Jack Spengler, Akira Yamaguchi Professor of Environmental Health and Human Habitation, the co-principle investigator of the study, placed this study in a larger context. “When you think of the urbanization that is going on around the world, we will see a doubling of our built environment before the century is over. We better do it right — energy wise, material-wise, and to optimize the human condition in those environments.”
In related research, CHGE recently received the inaugural grant from the Office for Sustainability’s new Campus Sustainability Innovation Fund to study and quantify the health impacts of biophilic design, the concept of introducing nature into the built environment. The team will use the grant to fund a mobile virtual reality lab to simulate exposure to indoor environments, and to recruit student and staff participants to monitor in the lab and in Harvard buildings with varying levels of natural elements.

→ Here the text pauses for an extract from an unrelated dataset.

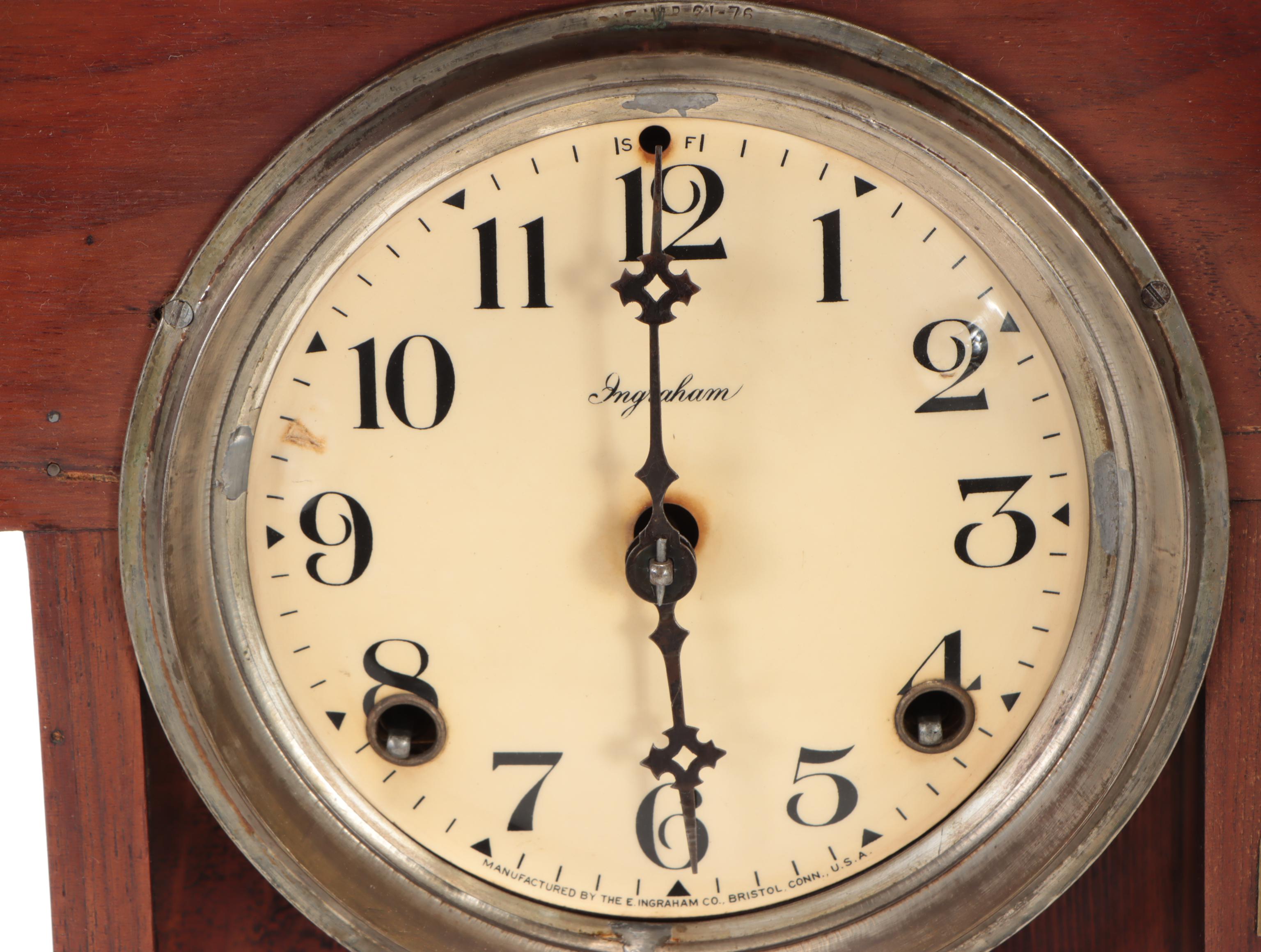 Ingraham Wooden Gingerbread Mantel Clock, Early 20th Century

The fund is part of Harvard’s reinvigorated “living lab” initiative, which encourages and supports projects that use the campus as a test site for developing solutions that enhance well-being and mitigate climate impact, or help neighboring communities tackle these problems. As part of this effort, OFS and CHGE are engaged in a multiyear partnership to use campus spaces to inform public health research and apply the findings in capital projects and renovations, such as House renewal.

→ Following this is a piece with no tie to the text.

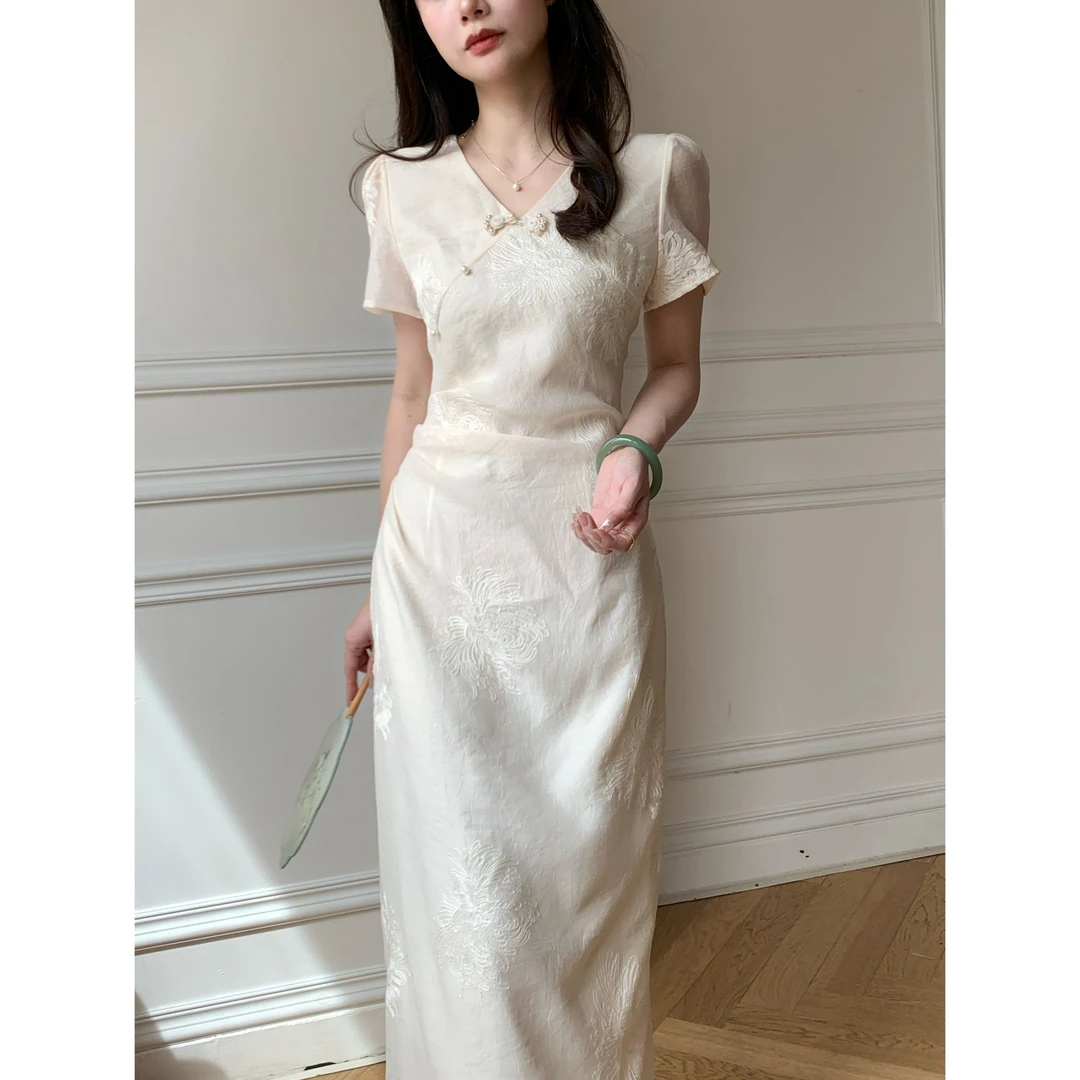小众女装2025夏新新中式国风气质优雅改良旗袍珍珠扣绣花白色连衣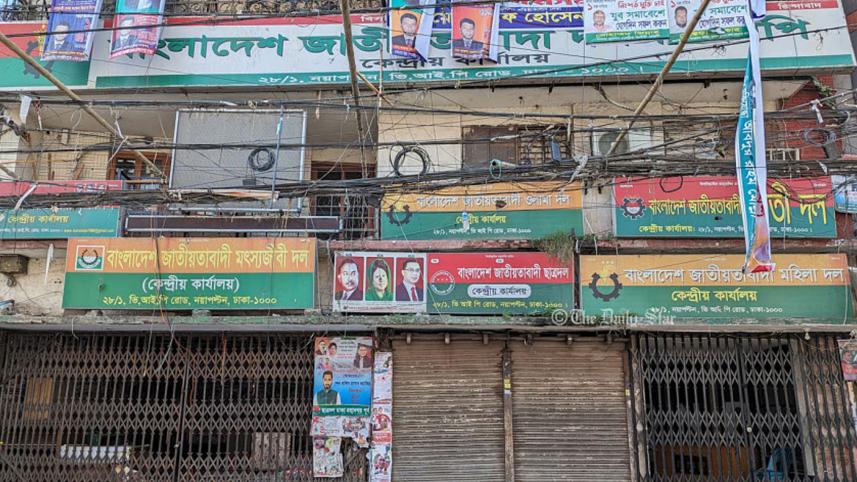 বিএনপিকে আলোচনার চিঠি পৌঁছে দিতে ঘুরছেন ইসির অফিস সহকারী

“It is especially important now to be taking the evidence presented to us through scientific discovery and acting on it as an institution and as individuals,” said Heather Henriksen, director of the Harvard Office for Sustainability. “Exciting possibilities for scaling change result when we use the campus to inform research and then translate the findings of that research into practical changes in the way we construct and operate our buildings.”
Blackstone was the first building in New England to receive a second platinum certification from the U.S. Green Building Council under the LEED for Existing Buildings: Operations and Maintenance program. Originally awarded in 2007 under the LEED for New Construction rating system, it was the first building at Harvard — and in all of higher education — to achieve LEED Platinum. Driven by the University-wide Sustainability Plan and the research of its faculty, Harvard is committed to building and operating healthier, more productive spaces. With 113 LEED-certified spaces, the University currently has more certified projects than any higher education institution in the world.
In addition to numerous energy and water-reducing strategies employed at Blackstone, the building’s indoor environmental quality was and remains a priority for the management team. An indoor air-quality plan was implemented during construction that minimized dust; all carpet, fabric, adhesives, and paints are nontoxic; a green cleaning program is used; more than 90 percent of occupants have access to daylight; windows and ceiling fans are operable; and views of the Charles River were emphasized as part of the design.